Ormai non c’è settore del Made in Italy che non sia caduto nel mirino dei falsari. Il progetto “TF-Traceability and Fashion”, che è stato presentato a Berlino nel corso di un evento organizzato dalla Camera di commercio italiana per la Germania, consiste in una sorta di “bollino” rilasciato dalle Camere di Commercio locali dopo rigorosi controlli su tutte le tappe di produzione di tessuti, capi, accessori e pelletteria. L’obiettivo è assicurare l’assoluta trasparenza e tracciabilità di ogni prodotto realizzato sotto l’etichetta di “Made in Italy”, dall’idea iniziale fino alla sua realizzazione finale.


Nelle intenzioni delle istituzioni e di chi lo ha concepito, questo bollino potrebbe rivelarsi un valido aiuto nell’azione di contrasto a questo gravissimo problema. Il commercio dei prodotti contraffatti, secondo stime recenti del WTO (l’Organizzazione Mondiale del Commercio), è stimato attorno al 7% del commercio mondiale per un valore complessivo di 200 miliardi di dollari e per quanto riguarda il Made in Italy, stando ai dati forniti dal Censis, si attesta attorno ai 7 miliardi di euro. Quando crediamo di risparmiare acquistando un falso, spesso mal realizzato e con materiali tossici, per giounta, pensiamo che lo stiamo facendo sulla pelle di tanti lavoratori (artigiani, sarte, ricamatrici, terzisti, rappresentanti…) che perderanno il posto se le vendite non saranno soddisfacenti.
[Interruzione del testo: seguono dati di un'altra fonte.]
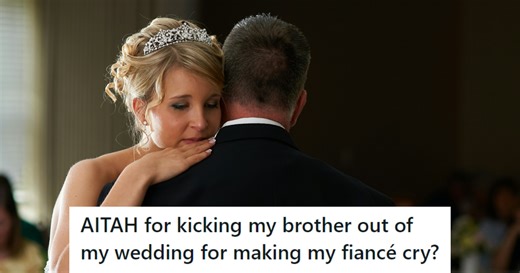 Brother’s “Prank” Humiliates Bride At Wedding, So He Gets Kicked Out By Furious Groom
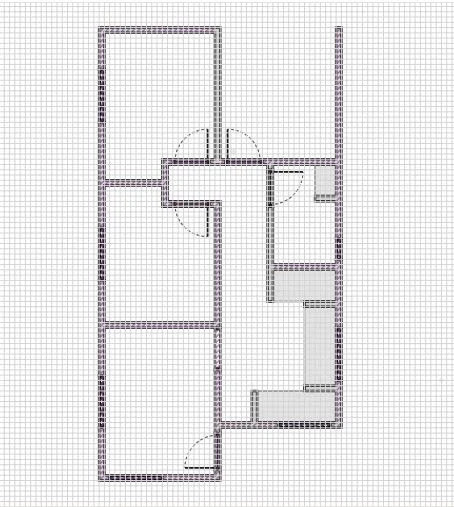 Passo 1: desenhar a planta no editor com modulação automática
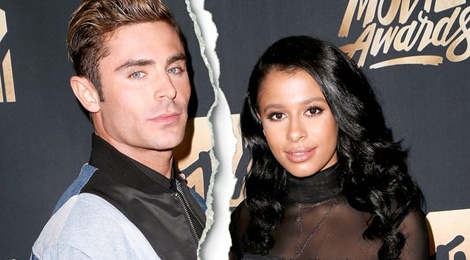 Zac Efron chia tay ban gai hinh anh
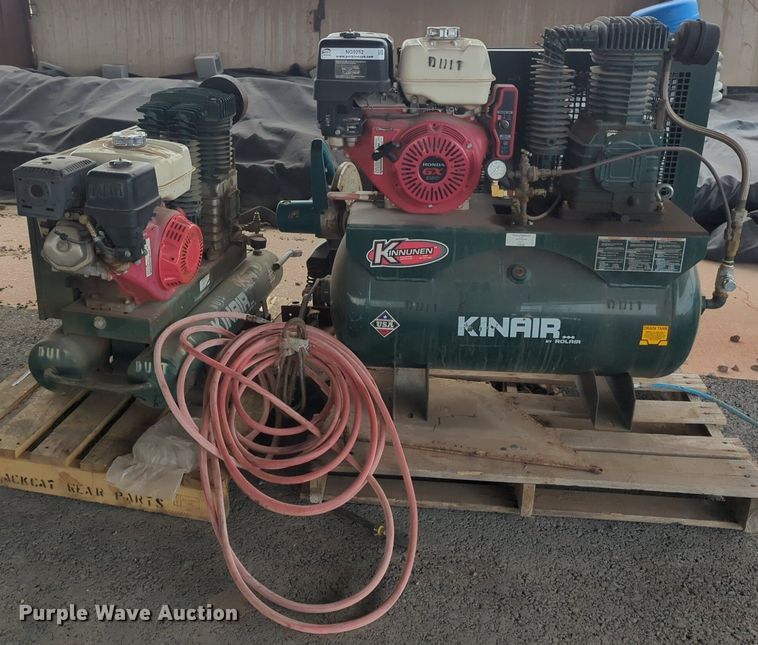 image for item NG9252 (2) Rolair Kinair air compressors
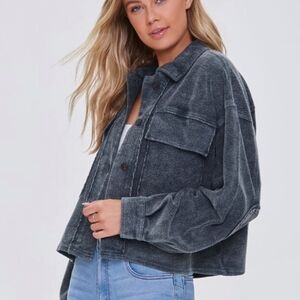 Forever 21 Charcoal Teddy Jacket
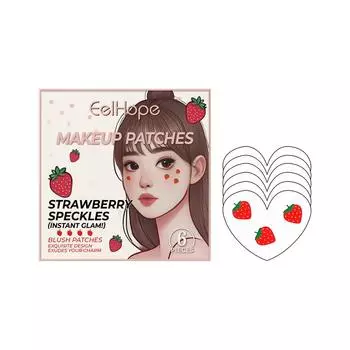 Strawberry Themed Eelhope Face Makeup Stickers For Vibrant Party Looks And Fashion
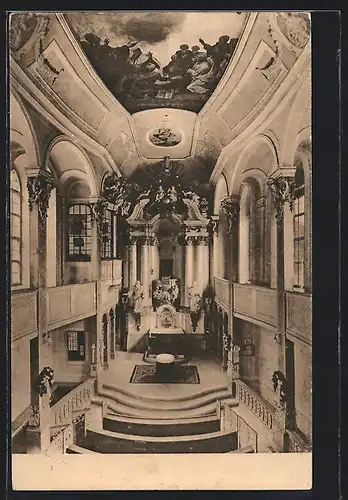 AK Weesenstein, Inneres der Schlosskirche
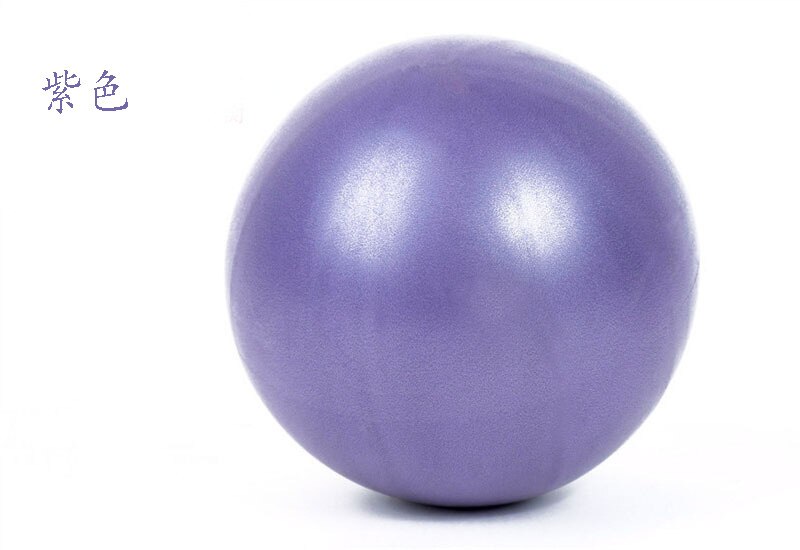 Sport Yoga Bal Bola Pilates Fitness Gym Balance Fitness Bal Pilates Fitness Massage Bal 22-25 Cm Explosie-proof Frosting: Purple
Bisogna entrare nell’ordine di idee che se al momento non possiamo permetterci un dato prodotto non c’è nulla di male. Bisogna avere davvero poca autostima per far dipendere il giudizio che abbiamo di noi stessi dal possedere, ad esempio, una certa borsa di una data griffe. Questa “rivoluzione copernicana” parte, quindi, da ciascuna di noi perché se non c’è domanda di falso non c’è offerta. Purtroppo da sempre la vanità presta il fianco alla criminalità e pur di sentirsi parte di un sogno e possedere uno status symbol, anche “taroccato”, non si guarda in faccia a nessuno e più c’è crisi più aumenta la richiesta di falsi.

Certo, dati i tempi, le griffe potrebbero anche ritoccare un po’, i loro listini prezzi, ma anche loro vendono meno di un tempo, mentre gli artigiani sono strozzati ogni giorno tra affitti carissimi, un’infinità di tasse e una perdita inesorabile di una clientela sempre meno educata al bello, che raramente sa capire e apprezzare un pezzo unico e preferisce orientarsi su status symbol universalmente riconosciuti e riconoscibili, che dicano al mondo, che loro non hanno affatto perso potere d’acquisto. Una questione di insicurezza ed autostima che però si ripercuote sull’economia di una intera nazione.